Wordt het tijdschema gerespecteerd? Ik heb goed geluisterd naar wat de heer Verstrepen daarover heeft gezegd. Zullen medio 2008 de maatregelen in het plan zijn uitgevoerd, zoals is gepland? Dat is de relevante vraag. Ik denk dan aan de inzet van lijnspotters en de stadswachten, het proefproject met een tweede persoon op het voertuig, het vooraan opstappen, de uitbreiding van de dispatching, de oprichting van een veiligheidsdienst, bijkomende opleidingen voor chauffeurs en controleurs, provinciale samenwerkingsakkoorden met de politie en de toepassing van de overlastboetes.
Ik wil beginnen met te verwijzen naar de meest recente stand van zaken die op 14 november in de commissie is gegeven, naar aanleiding van een interpellatie van de heer Penris. Ik zal niet alles herhalen, maar wil toch het volgende benadrukken. De twee belangrijkste maatregelen die nog moeten worden uitgevoerd, zijn de aanstelling van nog zeventien controleurs-veiligheidsagenten en de installatie van camera's op nog 720 voertuigen. Er zijn op 30 voertuigen al camera's geplaatst.
Op 19 december heeft de raad van bestuur van De Lijn de opdracht voor de plaatsing van die resterende 720 camera's toegewezen. Ik kan u meedelen dat met de productie van de camera's is begonnen, de voertuigen op de plaatsing worden voorbereid en men met de installatie begin maart begint. De installatie zal halfweg 2008 zijn afgerond.
In het kader van het veiligheidsplan zijn al 65 bijkomende controleurs aangeworven. De overige zeventien zijn geselecteerd om in de loop van februari aan hun opleiding tot veiligheidsagent te beginnen. Ze zullen halfweg 2008 op het terrein operationeel zijn. Het is heel normaal dat deze vraag er komt op een moment dat er onrust onder de mensen is, en die onrust op zich is ook heel begrijpelijk. Ook de verontwaardiging is heel begrijpelijk. Die vraag komt dus op tijd.
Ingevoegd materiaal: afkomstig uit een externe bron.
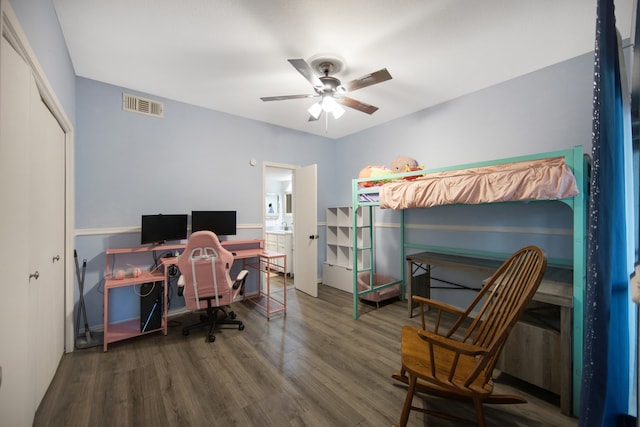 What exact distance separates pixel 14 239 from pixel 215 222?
2.06 m

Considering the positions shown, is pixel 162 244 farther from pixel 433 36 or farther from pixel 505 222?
pixel 505 222

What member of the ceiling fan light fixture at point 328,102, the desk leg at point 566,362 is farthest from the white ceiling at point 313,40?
the desk leg at point 566,362

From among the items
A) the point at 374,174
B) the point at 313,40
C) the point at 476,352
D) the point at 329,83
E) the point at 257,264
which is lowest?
the point at 257,264

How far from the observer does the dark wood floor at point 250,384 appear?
1562 mm

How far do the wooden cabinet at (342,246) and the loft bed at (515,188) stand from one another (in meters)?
0.96

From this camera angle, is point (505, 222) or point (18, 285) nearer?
point (18, 285)

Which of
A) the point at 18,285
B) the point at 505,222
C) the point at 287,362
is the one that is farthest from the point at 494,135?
the point at 18,285

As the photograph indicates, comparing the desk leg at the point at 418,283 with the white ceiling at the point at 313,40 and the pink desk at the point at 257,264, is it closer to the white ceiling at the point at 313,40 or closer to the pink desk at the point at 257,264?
the pink desk at the point at 257,264

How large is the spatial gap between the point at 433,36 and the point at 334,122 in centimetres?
208

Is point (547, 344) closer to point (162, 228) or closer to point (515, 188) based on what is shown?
point (515, 188)

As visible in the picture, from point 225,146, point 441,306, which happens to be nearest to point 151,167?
point 225,146

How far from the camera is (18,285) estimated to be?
1.23 m

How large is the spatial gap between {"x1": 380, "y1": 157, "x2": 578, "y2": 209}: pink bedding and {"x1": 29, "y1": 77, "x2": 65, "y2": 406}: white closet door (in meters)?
2.83

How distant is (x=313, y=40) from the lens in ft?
6.70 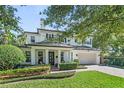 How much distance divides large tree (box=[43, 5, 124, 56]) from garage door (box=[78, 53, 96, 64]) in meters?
2.99

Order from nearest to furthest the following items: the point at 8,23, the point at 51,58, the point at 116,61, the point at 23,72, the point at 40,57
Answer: the point at 8,23 → the point at 23,72 → the point at 116,61 → the point at 40,57 → the point at 51,58

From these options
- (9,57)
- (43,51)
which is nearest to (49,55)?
(43,51)

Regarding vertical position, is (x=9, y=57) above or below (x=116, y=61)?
above

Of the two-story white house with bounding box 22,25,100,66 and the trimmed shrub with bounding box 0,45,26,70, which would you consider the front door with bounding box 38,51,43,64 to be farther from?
the trimmed shrub with bounding box 0,45,26,70

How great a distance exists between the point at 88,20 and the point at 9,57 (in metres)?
6.62

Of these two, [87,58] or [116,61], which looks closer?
[87,58]

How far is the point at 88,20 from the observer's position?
643 cm

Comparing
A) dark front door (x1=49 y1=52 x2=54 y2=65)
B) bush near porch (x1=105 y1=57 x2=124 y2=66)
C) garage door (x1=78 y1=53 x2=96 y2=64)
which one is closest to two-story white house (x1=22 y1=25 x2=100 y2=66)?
dark front door (x1=49 y1=52 x2=54 y2=65)

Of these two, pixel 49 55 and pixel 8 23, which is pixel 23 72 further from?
pixel 8 23

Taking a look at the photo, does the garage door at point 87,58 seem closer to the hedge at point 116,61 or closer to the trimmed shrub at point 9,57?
the hedge at point 116,61

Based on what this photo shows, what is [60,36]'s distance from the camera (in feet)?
22.4

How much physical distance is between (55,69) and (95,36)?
22.4ft

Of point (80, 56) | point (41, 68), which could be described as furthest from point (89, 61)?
point (41, 68)

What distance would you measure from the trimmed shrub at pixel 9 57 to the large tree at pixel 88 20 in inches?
215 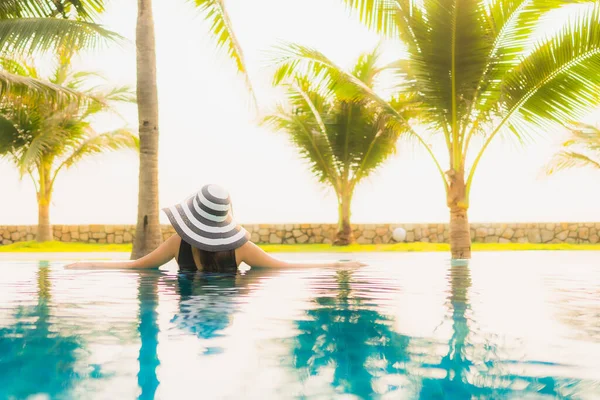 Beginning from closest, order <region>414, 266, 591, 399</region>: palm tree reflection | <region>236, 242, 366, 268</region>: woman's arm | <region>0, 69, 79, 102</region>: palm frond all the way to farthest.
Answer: <region>414, 266, 591, 399</region>: palm tree reflection
<region>236, 242, 366, 268</region>: woman's arm
<region>0, 69, 79, 102</region>: palm frond

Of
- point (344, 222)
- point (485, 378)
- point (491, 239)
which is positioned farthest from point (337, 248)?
point (485, 378)

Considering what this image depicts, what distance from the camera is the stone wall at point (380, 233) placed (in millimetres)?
19922

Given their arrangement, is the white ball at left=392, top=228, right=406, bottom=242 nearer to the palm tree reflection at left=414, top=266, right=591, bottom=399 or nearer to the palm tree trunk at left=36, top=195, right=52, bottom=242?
the palm tree trunk at left=36, top=195, right=52, bottom=242

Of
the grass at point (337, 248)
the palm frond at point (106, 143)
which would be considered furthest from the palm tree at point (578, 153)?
the palm frond at point (106, 143)

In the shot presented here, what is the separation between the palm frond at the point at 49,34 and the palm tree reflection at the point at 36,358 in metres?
5.95

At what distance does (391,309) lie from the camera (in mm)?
3855

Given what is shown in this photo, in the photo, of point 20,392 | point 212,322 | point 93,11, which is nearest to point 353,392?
point 20,392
U vraagt of ik kan bevestigen dat het uitvoeringsschema gehandhaafd blijft. Het antwoord is positief.
En ik heb er natuurlijk alle hoop op, al heb ik dat niet voor 100 percent in de hand, dat dit ook zal leiden tot een vermindering van het aantal gevallen van agressie en tot een betere aanpak van de agressie bij De Lijn.
Wat de cijfers betreft, wil ik nog het volgende zeggen. Als men naar 2007 kijkt, liggen de cijfers niet hoger dan in 2006. Het aantal agressiegebonden arbeidsongevallen, 99 in 2006, 96 in 2007, wijzen eigenlijk op een stabilisatie. Als je weet dat het aantal kilometers dat door De Lijn wordt afgelegd, zeer aanzienlijk toeneemt, en het aantal chauffeurs en passagiers eveneens zeer aanzienlijk toeneemt, kan men stellen dat we als samenleving met de maatschappij De Lijn de agressie in 2007 nog in de hand hebben gehouden.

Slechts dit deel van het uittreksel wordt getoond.